De manière beaucoup plus systématique, chaque année, en début de campagne une équipe est chargée d’arpenter les terres agricoles de l’AV et d’en effectuer à nouveau le repérage et la mesure (« forosuma», mesure des champs). Ce travail technique est désigné sous le nom de « piquetage ». Je n’ai malheureusement pas eu l’occasion de l’observer directement faute d’être présente sur le terrain à cette période.

Nous pouvons nous reporter à la description qu’en donne Lassine Traoré :

LT Dɔ bε mεtirijuru kun minε, bon ni hakε min sumana, n’aw ye juru ɲε kelen kε, ikomi juru ye cinquante mètres ye quoi, ni aw bε taga tugun ka a da tugunni quoi, o la e bε i ta kε sεbεnni ye fo ka taa a « terminer », aw bε taa ten dɔɔnin dɔɔnin fo ka taa baara ban. Bon, ni baara banna o la, aw bε segin ka na ɲɔgɔn fara ɲɔgɔn kan, yirisuma kɔrɔ (trad. de l’interprète omise).’ ‘ Traduction : ’ ‘ LTL’un attrape le bout du mètre, bon quand la mesure est prise, si vous avez fait la longueur d’une corde, comme la corde fait 50 mètres, si vous avancez à nouveau pour l’étendre encore, eh bien tu notes ta mesure jusqu’à ce que cela soit terminé. Vous y allez progressivement ainsi jusqu’à ce que le travail soit fini. Bon, le travail terminé, vous vous retrouvez pour mettre en commun les résultats, à l’ombre d’un arbre (trad. de l’interprète omise), K 41.’

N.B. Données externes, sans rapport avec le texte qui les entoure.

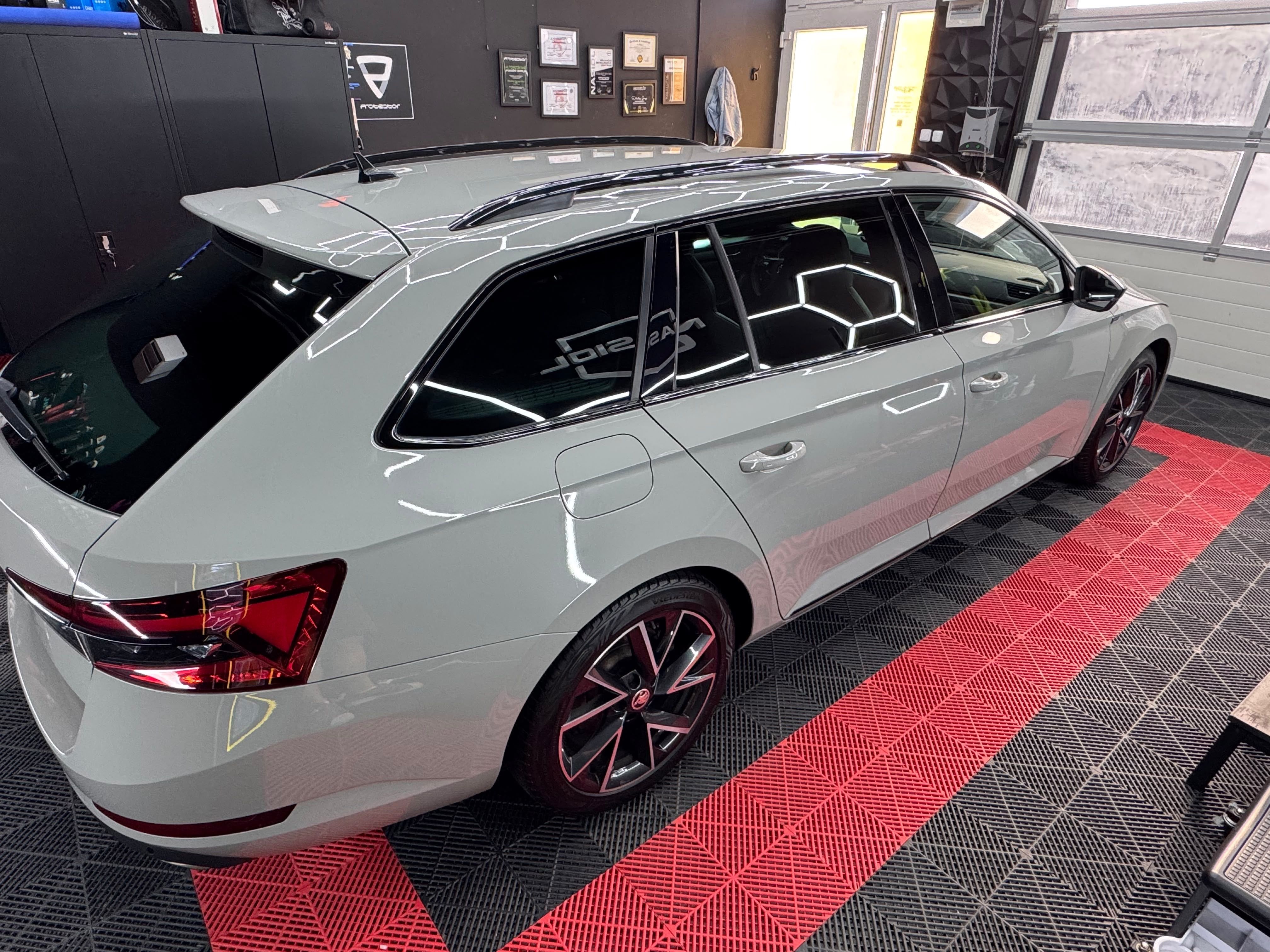 Škoda Superb, Sportline 1.5 TSI - fotka 3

Ici l’écrit agricole est à proprement parler un écrit d’action au sens où il accompagne le déroulement de la tâche. Il s’agit probablement de notations très courtes, destinées à se remémorer le nombre de fois où la corde a été étendue, afin de disposer des mesures du champ qui permettent le calcul de sa superficie. La détermination de ces superficies est essentielle puisqu’elle sert de base à la fois aux estimations collectives des besoins en intrants et à la culture proprement dite par le producteur.

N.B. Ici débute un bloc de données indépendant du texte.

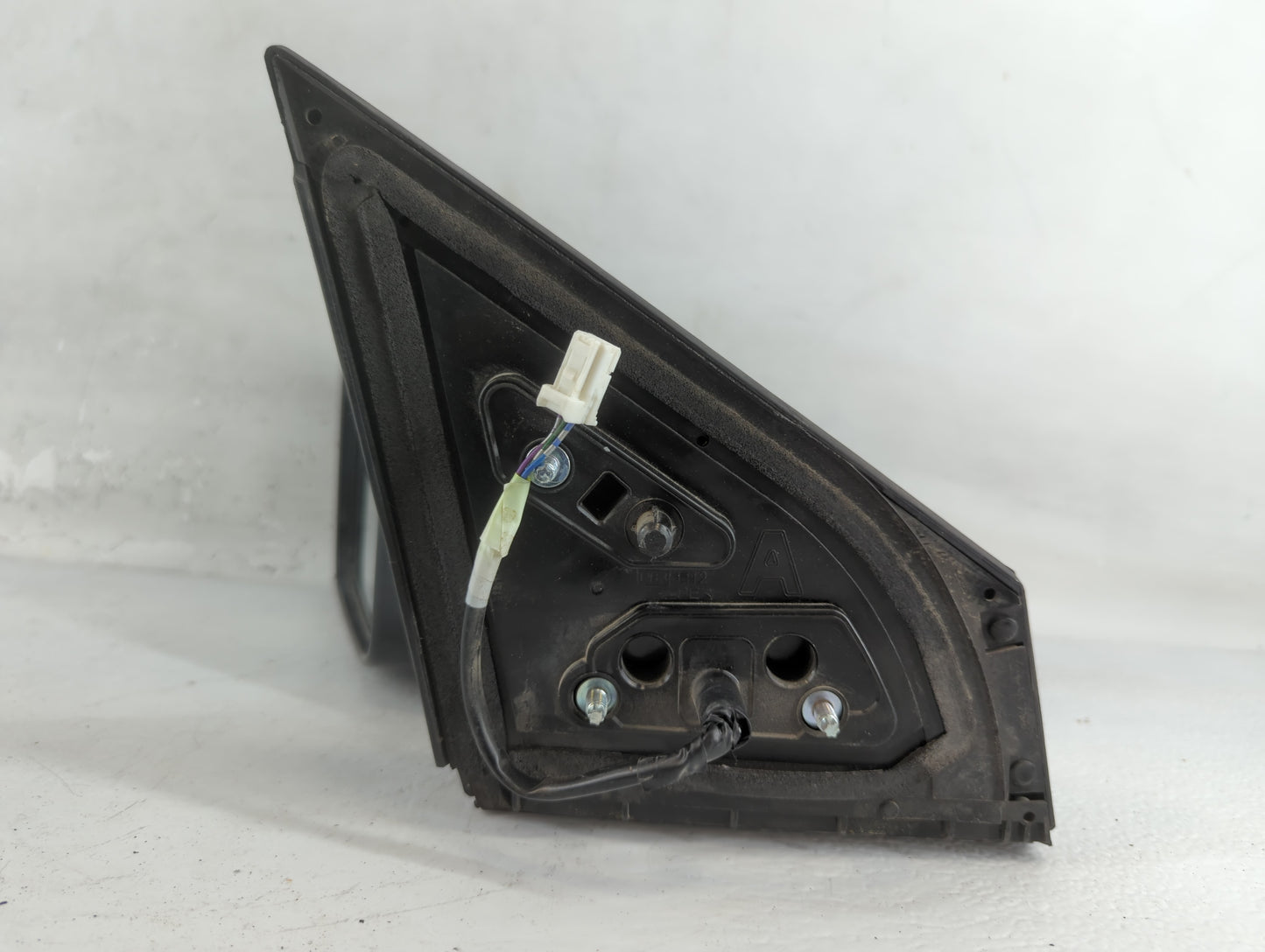 2008-2015 Nissan Rogue Driver Side View Mirror - Left Door Mirror OEM Used - Oemusedautoparts1.com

Nous voyons ici que l’encadrement de la CMDT peut s’entendre en un sens très concret de quadrillage de l’espace agricole afin de le rendre disponible à une connaissance technique et à une culture qui exige le respect de normes complexes.

Notes
306.

Comme le rappellent O. et C. Barrière dans leur enquête sur le droit foncier dans la région de la Boucle du Niger, « 1% des terres au Mali sont immatriculées (…), le reste est soumis au droit foncier traditionnel (appelé "coutumier" par le législateur national, qui reprend la terminologie coloniale) » (BARRIÈRE, O. & BARRIÈRE, C. 2002 : 213).